If we assume that the best methods are to achieve rank 1 to 3 most frequently, then for both measures top positions are taken by simple methods as , or from VIM package.
library("tidyr")
# change order
tab_rank$metric_rank_likert <- factor(8-tab_rank$metric_rank)
pivot_wider(tab_rank,
id_cols = c("dataset", "model"),
names_from = c("metric", "imputation_method"),
values_from = "metric_rank_likert") -> full_tab
p <- likert(as.data.frame(full_tab[,c(3,5,7,9,11,13,15)]))
plot(p, legend.position = "none")
p <- likert(as.data.frame(full_tab[,1+c(3,5,7,9,11,13,15)]))
plot(p, legend.position = "none")
We present the percentage of covered best results in rankings of F1 and AUC measure by single imputation methods and all pairs of them. The OX axis shows how often the indicated imputation method has the best results measured by the AUC. The OY axis shows how often the indicated imputation method has the best results measured by F1. The points marked A+B refer to the better of the two indicated methods (parallel max).
Combinations of two methods are able to cover above \(50\%\) of best results. For F1 measure optimal pair is missForest and random. For AUC this is mean and VIM_kknn imputation.
Deeper insight into interaction of imputation and classifiers gives principal component analysis (PCA) performed on averaged rankings. The first PCA coordinate positively correlates with averaged ranking and the second coordinate reveals model preferences.

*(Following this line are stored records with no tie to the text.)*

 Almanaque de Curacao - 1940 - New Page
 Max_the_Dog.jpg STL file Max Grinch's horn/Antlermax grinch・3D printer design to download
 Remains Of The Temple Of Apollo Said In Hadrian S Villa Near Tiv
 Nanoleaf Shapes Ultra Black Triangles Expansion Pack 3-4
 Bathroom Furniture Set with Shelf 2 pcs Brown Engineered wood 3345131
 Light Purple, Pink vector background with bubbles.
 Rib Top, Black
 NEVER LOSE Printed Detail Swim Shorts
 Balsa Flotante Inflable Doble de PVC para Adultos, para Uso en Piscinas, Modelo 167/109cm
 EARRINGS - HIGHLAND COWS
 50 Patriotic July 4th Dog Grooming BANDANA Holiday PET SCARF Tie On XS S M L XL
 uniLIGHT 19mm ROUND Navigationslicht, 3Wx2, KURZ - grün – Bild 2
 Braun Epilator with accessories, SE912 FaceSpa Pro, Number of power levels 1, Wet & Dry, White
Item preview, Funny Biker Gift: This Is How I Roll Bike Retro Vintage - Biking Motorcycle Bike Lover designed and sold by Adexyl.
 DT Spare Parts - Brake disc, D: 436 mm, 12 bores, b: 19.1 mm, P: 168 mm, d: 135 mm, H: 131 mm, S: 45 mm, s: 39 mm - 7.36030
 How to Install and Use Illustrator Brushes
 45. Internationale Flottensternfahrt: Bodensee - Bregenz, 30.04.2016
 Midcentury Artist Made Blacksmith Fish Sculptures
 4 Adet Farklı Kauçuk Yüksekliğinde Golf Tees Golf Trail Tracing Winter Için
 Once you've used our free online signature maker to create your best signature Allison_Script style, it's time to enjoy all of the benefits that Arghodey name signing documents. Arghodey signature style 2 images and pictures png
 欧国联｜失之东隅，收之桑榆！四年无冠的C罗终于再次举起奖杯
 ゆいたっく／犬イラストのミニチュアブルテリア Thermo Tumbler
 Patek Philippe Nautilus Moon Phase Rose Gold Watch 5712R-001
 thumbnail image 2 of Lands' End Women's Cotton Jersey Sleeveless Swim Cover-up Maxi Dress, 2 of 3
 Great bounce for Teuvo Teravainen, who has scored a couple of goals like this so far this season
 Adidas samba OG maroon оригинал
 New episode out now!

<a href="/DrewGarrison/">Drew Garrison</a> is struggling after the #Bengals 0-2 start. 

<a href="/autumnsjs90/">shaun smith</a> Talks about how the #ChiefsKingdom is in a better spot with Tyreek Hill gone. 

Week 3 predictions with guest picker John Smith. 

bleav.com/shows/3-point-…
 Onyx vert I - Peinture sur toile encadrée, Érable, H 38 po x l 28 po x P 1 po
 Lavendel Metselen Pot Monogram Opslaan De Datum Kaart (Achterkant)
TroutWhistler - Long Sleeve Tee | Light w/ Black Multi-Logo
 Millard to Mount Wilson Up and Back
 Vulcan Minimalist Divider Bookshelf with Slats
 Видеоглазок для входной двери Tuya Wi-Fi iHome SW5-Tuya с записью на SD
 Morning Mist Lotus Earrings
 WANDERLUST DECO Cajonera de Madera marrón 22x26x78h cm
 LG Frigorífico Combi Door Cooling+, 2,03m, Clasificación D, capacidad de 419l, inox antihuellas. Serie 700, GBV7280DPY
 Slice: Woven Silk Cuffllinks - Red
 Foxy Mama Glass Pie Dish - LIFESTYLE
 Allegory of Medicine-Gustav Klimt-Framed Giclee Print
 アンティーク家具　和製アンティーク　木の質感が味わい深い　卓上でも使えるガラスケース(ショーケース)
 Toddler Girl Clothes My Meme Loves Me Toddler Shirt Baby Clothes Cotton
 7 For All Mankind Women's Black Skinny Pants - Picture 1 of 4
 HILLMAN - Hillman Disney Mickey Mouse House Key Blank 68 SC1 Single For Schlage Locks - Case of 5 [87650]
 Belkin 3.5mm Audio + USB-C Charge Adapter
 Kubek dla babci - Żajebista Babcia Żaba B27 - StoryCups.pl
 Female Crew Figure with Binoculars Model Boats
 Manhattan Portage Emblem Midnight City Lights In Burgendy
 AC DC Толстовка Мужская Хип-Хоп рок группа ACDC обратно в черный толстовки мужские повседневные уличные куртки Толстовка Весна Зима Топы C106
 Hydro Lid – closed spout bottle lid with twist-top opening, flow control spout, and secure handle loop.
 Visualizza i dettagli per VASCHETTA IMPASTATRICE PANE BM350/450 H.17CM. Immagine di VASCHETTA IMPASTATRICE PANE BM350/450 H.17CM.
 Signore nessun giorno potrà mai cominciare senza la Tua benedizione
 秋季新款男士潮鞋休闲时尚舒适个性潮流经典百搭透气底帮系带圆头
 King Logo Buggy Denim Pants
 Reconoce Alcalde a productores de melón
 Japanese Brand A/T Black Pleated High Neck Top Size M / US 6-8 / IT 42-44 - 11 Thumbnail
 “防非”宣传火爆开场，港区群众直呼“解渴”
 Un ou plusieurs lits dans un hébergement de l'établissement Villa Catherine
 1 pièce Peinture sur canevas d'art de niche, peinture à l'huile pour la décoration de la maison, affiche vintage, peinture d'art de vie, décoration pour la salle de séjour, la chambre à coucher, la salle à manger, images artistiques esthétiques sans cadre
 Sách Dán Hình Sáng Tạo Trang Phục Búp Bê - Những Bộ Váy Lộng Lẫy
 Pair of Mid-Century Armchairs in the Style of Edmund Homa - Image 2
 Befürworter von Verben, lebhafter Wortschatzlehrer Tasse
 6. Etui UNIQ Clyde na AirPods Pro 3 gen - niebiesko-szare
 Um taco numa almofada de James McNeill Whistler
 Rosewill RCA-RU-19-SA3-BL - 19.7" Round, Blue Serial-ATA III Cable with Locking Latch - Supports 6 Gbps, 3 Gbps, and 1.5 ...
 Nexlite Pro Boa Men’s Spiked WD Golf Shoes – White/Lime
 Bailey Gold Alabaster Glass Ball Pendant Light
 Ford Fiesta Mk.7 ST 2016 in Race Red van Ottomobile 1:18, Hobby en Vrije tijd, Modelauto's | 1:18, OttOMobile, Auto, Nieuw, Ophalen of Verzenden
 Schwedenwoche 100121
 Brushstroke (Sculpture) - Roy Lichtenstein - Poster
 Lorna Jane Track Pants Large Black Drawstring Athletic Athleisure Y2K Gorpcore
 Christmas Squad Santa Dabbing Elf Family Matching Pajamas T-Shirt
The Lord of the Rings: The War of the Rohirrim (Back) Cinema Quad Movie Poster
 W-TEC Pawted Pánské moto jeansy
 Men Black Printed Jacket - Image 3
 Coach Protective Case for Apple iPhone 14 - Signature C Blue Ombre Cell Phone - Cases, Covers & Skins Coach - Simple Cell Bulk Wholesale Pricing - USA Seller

For F1 mean, missForest and VIM_kknn methods cooperate with rpart and kknn while mice works with ranger and xgboost.
tab_rank %>%
filter(metric == "f1") %>%
group_by(imputation_method, model) %>%
summarise(avg_metric_rank = mean(as.numeric(as.character(metric_rank)))) %>%
pivot_wider(id_cols = "imputation_method",
names_from = "model",
values_from = "avg_metric_rank") -> avg_full_tab
## `summarise()` regrouping output by 'imputation_method' (override with `.groups` argument)
avg_full_tab <- as.data.frame(avg_full_tab)
rownames(avg_full_tab) <- avg_full_tab[,1]
colnames(avg_full_tab) <- substr(colnames(avg_full_tab), 9, 100)
fit <- princomp(4 - avg_full_tab[,-1])
pl <- fviz_pca_biplot(fit, geom = c("arrow", "text"), geom.var = c("point","text"))
pl
tab_rank %>%
filter(metric == "auc") %>%
group_by(imputation_method, model) %>%
summarise(avg_metric_rank = mean(as.numeric(as.character(metric_rank)))) %>%
pivot_wider(id_cols = "imputation_method",
names_from = "model",
values_from = "avg_metric_rank") -> avg_full_tab
## `summarise()` regrouping output by 'imputation_method' (override with `.groups` argument)
avg_full_tab <- as.data.frame(avg_full_tab)
rownames(avg_full_tab) <- avg_full_tab[,1]
colnames(avg_full_tab) <- substr(colnames(avg_full_tab), 9, 100)
fit <- princomp(4 - avg_full_tab[,-1])
pl <- fviz_pca_biplot(fit, geom = c("arrow", "text"), geom.var = c("point","text"))
pl
If you want to test different imputation method in predictive modeling we recommend to install the NADIA package. In addition to unified interface, this package provides advanced imputation methods as operation for mlr3 pipelines and adjust some of them to use in the out-of-the-box approach. So far, NADIA include imputation methods from mice, Amelia, missMDA, VIM, SoftImpute, MissRanger and MissForest.